Je suis seul. Complètement seul. La porte vient de se fermer après la
dernière conversation douloureuse. Le dernier ami est parti, après
s’être brutalement dressé contre moi.
Et cependant il serait nécessaire, pour réaliser l’oeuvre commencée, que
nous soyons ensemble, tous les amis, en profonde communion. On avançait
à peine ; à tous moments, le naufrage paraissait imminent.
Je suis seul, bien seul. Et voici que Dieu entre, embrasse l’âme, la
soulève, la confirme, la console et la remplit. Je ne suis plus seul. Et
les autres reviendront aussi, sans trop tarder, et n’abandonneront plus
le dur travail. Le navire ne fera pas naufrage. Nous allons reprendre le
travail doucement, recommencer à écrire, à lire, à corriger. La vie est
encore belle et Dieu est là.
À ces moments-là rentre dans ta chambre.
Ta chambre est un désert. Entre le plancher, le plafond et les quatre
murs, il n’y a que toi et Dieu. La nature qui entre par la fenêtre ne
trouble pas ton dialogue avec Lui, elle le facilite même. Le monde ne
compte pas pour toi, ferme-lui la porte, à clef, pour une heure.
Recueille-toi et écoute. Dieu est ici. Il t’attend et te parle.
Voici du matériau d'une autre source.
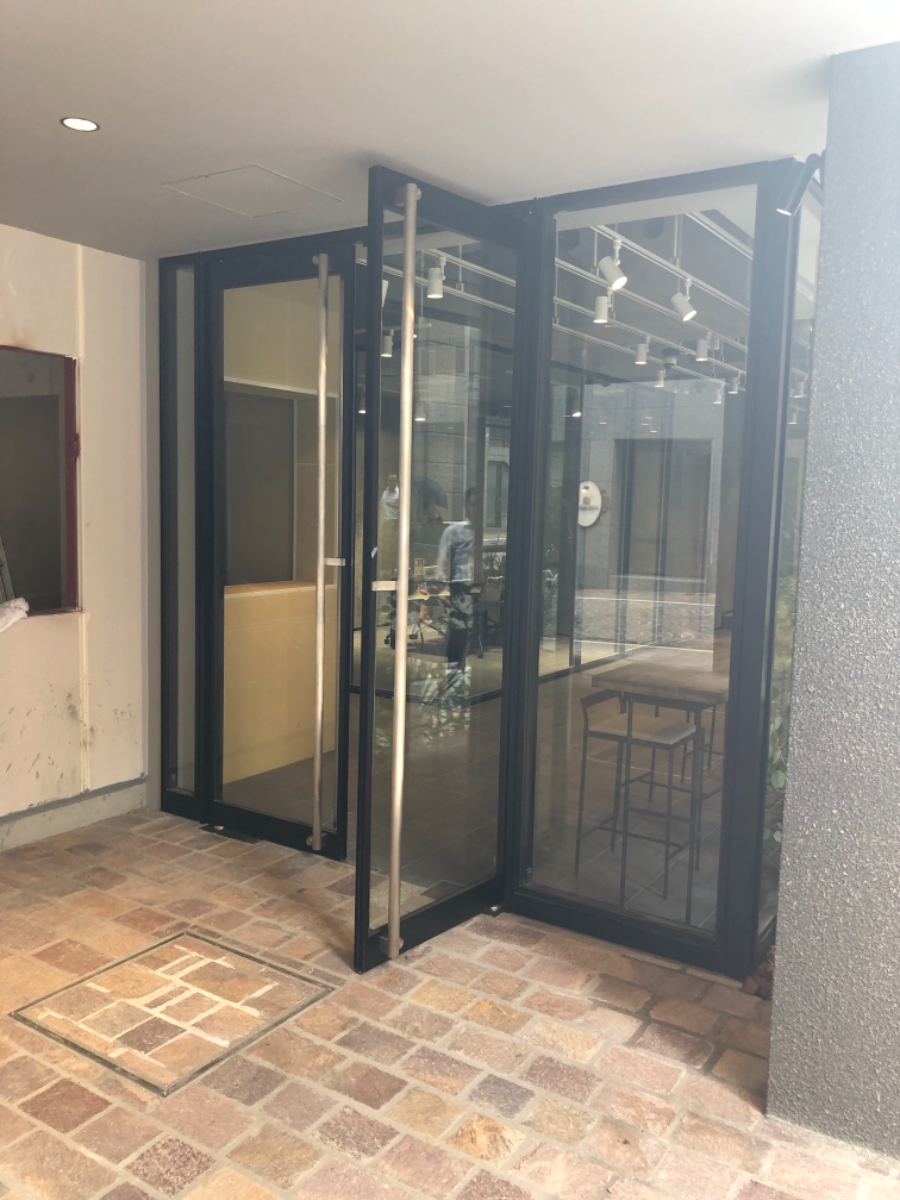 fresh/building/J00100464350_11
C’est ton Dieu, grand, beau, qui te réconforte, qui t’illumine, qui te
fait comprendre qu’Il t’aime. Il est prêt à se donner à toi si tu veux
bien te donner toi-même. Accueille-Le, ne Le rejette pas. Ne Le fuis pas,
Il t’attend et Il te parle.
C’est l’heure qu’Il avait choisie, pour te rencontrer. Ne t’en vas pas.
Écoute bien. Tu as besoin de Lui, et Lui aussi a besoin de toi pour son
oeuvre, pour faire, grâce à toi, le bien à tes frères. Il va se donner à
toi généreusement, de coeur à coeur, dans cette solitude.
Parfois, ton désert c’est ta chambre, mais de Dieu tu as toujours besoin.
Comment te recueillir intimement avec Lui, comme les apôtres qu’Il
invita au désert pour leur donner plus d’intimité ?
Ton désert, c’est la volonté de ne jamais trahir ; c’est ton
recueillement en Dieu ; c’est ton espérance indéfectible. Ton désert, tu
n’as pas besoin de le chercher loin des hommes, tu le trouves partout si
tu cours vers Dieu, dans le tram, sur la place, comme devant l’immense
assemblée qui attend ce que tu vas lui dire. Ton désert, c’est ta
séparation du péché ; ta fidélité à ton destin, à ta foi, à ton amour.